**Data:**
--- START ---

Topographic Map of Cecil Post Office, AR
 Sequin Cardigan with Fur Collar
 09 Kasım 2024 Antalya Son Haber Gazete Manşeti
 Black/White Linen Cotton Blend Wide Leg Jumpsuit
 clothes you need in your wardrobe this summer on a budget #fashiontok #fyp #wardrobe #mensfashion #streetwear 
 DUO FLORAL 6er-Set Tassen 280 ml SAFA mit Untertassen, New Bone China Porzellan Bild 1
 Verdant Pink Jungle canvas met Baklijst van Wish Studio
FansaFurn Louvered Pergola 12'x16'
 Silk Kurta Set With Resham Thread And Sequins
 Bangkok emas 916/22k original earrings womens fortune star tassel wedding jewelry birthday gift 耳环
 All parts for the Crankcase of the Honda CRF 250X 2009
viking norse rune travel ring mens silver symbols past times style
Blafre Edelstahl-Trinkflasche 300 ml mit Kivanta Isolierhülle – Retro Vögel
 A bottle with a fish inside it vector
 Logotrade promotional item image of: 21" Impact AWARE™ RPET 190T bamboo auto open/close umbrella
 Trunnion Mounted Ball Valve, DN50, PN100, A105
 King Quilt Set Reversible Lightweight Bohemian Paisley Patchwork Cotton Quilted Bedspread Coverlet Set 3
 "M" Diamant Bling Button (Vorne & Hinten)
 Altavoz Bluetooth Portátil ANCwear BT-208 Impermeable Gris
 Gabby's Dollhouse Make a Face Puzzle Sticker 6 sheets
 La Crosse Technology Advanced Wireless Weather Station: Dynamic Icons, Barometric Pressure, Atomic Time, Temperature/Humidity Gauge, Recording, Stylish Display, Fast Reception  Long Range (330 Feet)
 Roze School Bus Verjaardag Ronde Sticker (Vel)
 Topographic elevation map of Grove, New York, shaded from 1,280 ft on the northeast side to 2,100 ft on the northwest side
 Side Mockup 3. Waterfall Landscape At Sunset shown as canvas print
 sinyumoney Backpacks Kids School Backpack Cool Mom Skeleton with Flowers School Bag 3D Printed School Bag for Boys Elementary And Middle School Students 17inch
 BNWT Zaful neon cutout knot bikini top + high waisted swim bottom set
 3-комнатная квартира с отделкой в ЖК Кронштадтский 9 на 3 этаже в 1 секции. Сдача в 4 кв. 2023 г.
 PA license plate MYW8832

--- END ---

**To do:** Copy exactly the lines that begin with the one containing "Trunnion Mounted Ball" and continue to the end of the records, both included, and nothing more.

**Completed exercise:**
 Trunnion Mounted Ball Valve, DN50, PN100, A105
 King Quilt Set Reversible Lightweight Bohemian Paisley Patchwork Cotton Quilted Bedspread Coverlet Set 3
 "M" Diamant Bling Button (Vorne & Hinten)
 Altavoz Bluetooth Portátil ANCwear BT-208 Impermeable Gris
 Gabby's Dollhouse Make a Face Puzzle Sticker 6 sheets
 La Crosse Technology Advanced Wireless Weather Station: Dynamic Icons, Barometric Pressure, Atomic Time, Temperature/Humidity Gauge, Recording, Stylish Display, Fast Reception  Long Range (330 Feet)
 Roze School Bus Verjaardag Ronde Sticker (Vel)
 Topographic elevation map of Grove, New York, shaded from 1,280 ft on the northeast side to 2,100 ft on the northwest side
 Side Mockup 3. Waterfall Landscape At Sunset shown as canvas print
 sinyumoney Backpacks Kids School Backpack Cool Mom Skeleton with Flowers School Bag 3D Printed School Bag for Boys Elementary And Middle School Students 17inch
 BNWT Zaful neon cutout knot bikini top + high waisted swim bottom set
 3-комнатная квартира с отделкой в ЖК Кронштадтский 9 на 3 этаже в 1 секции. Сдача в 4 кв. 2023 г.
 PA license plate MYW8832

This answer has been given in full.